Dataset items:

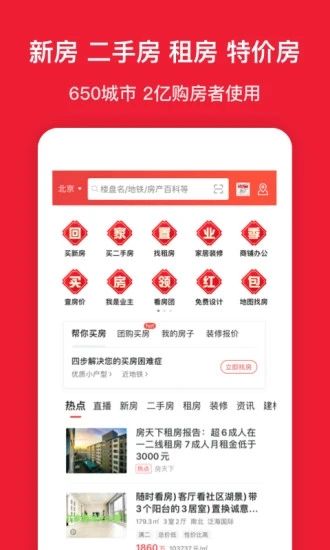 房天下下载手机版截图4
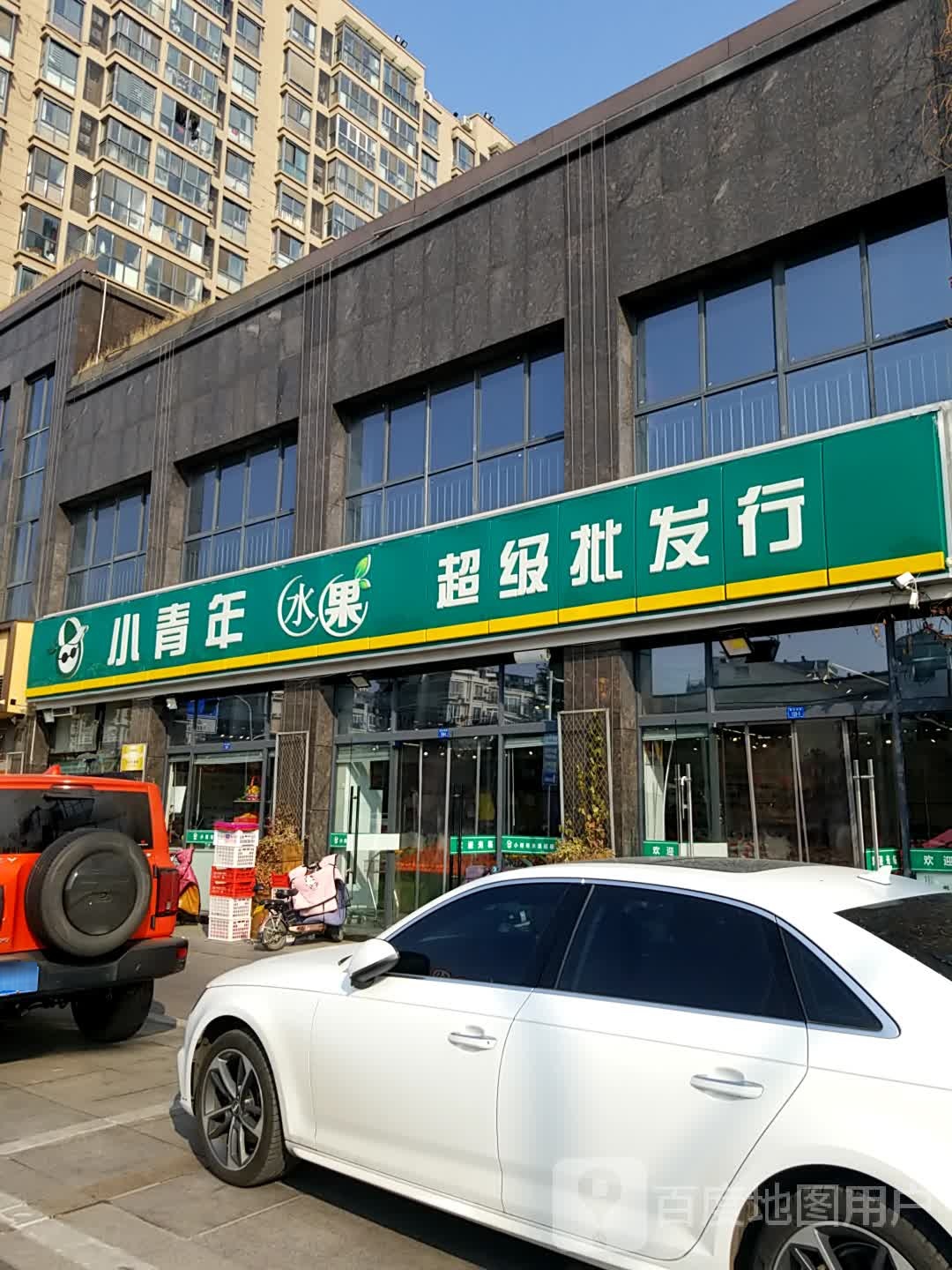 小青年水果超级批发行(黄河南路店)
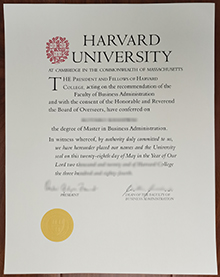 Harvard University diploma, Harvard University degree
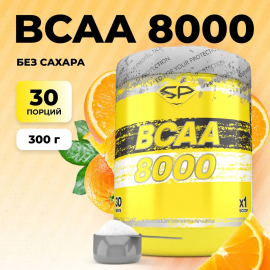 Концентрат сухой BCAA 8000  вкус Апельсин 300гр SteelPower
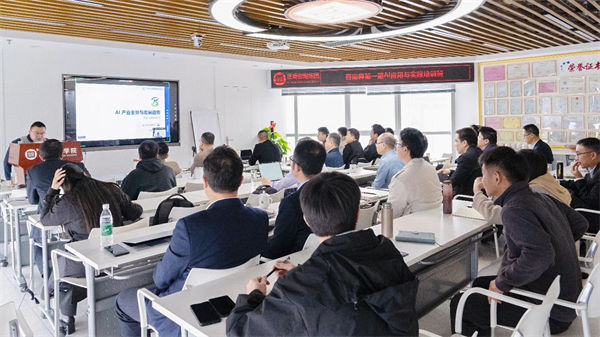 《咨詢(xún)師第一期AI應(yīng)用與實(shí)踐培訓(xùn)班》 《咨詢(xún)師第一期AI應(yīng)用與實(shí)踐培訓(xùn)班》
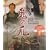 �B���� �S�̒�(HD-DVD) [HD DVD]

Task item: Print only the lines from the one with "Концентрат сухой BCAA" through the last line of the data above, exactly and with both ends, and please omit any pictures.

Response box:
 Концентрат сухой BCAA 8000  вкус Апельсин 300гр SteelPower
 《咨詢(xún)師第一期AI應(yīng)用與實(shí)踐培訓(xùn)班》 《咨詢(xún)師第一期AI應(yīng)用與實(shí)踐培訓(xùn)班》
 �B���� �S�̒�(HD-DVD) [HD DVD]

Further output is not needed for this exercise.